このまま家に帰りたくなくて、ほしいものは無いのに売り場を回って買い物してみる。
やることないから(寝たいわけじゃないけど)早く寝ようとする。
お腹は空いていないけど時間だから何か食べようとする。
期限付きのクーポンがもったいないから(大してほしくも必要でもないけど)買っておこうとする。
パートナーがほしいから相手をつくろうとする…

暇は寂しいと似ていて、暇は不安を呼ぶ。寂しさと不安を何とかしたくて、本当はしたいわけじゃない言動を選択する。

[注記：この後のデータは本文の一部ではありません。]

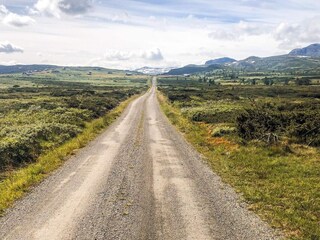 Vakantiehuis Hemsedal  21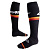 Leatt Носки Moto Socks Black 2026 в Калуге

本当に叶えたい感情とズレたことをすると空しくなるから、自分の感情の正体には敏感でいたい。

「空白を埋めたい」と「〇〇をしたい」は違う。
「何もしたくない」と「したいことがない」も違う。

あの春の日は、結局「何もしない」を選んでみた。窓辺にイスを置いて、ただ夕暮れが進むのを見ていた。

するとしばらくして、自分の中にやってきたのです。水でも飲んでみようかな、とか本でも読んでみようかな、とか。そんな小さな自発性。忘れていたことをふっと思い出したかのように。


僕らは「飽きる」という力をもっているから、そのままじゃいられないから、絶対に何か湧いてくる。そんな人間だって自分を信頼している。

だから、したいことがないなら、堂々と何もしない時間を送れば良い。
そのままじゃいられないから。絶対に何か「これやってみよう」が訪れるから。

どんなに小さくても「やってみよう」で起こした行動は、自分の世界を明るくするから。

そうやって
「暇=寂しい」を「暇=豊か」に移せたら、絶対に幸せな気がした。

あのときの、森の中でのあの感覚も、こういうことだったのかなと思う。


幸せな自分であるためのステップ。僕は一つひとつ進んできた。

まず、自分の感覚を聞こうとすること、
次に、嫌だと感じることをしないこと、
それから、やりたいと思ったことをすること、
そして今、やりたいと思うまで待つこと。

自分はこれで良いと思う。「何もしない」も選択する。ちゃんと待つ。
そうして「これをやってみたい」「これかもしれない」に出逢えたら、ひとまずそれを大切にしてみる。

そうやって探しながら、これからの日々も生きていくこと。


「やってみたい」が訪れるまで、ちゃんと待つよ。大丈夫だよ。

僕は僕に、そう言ってあげよう。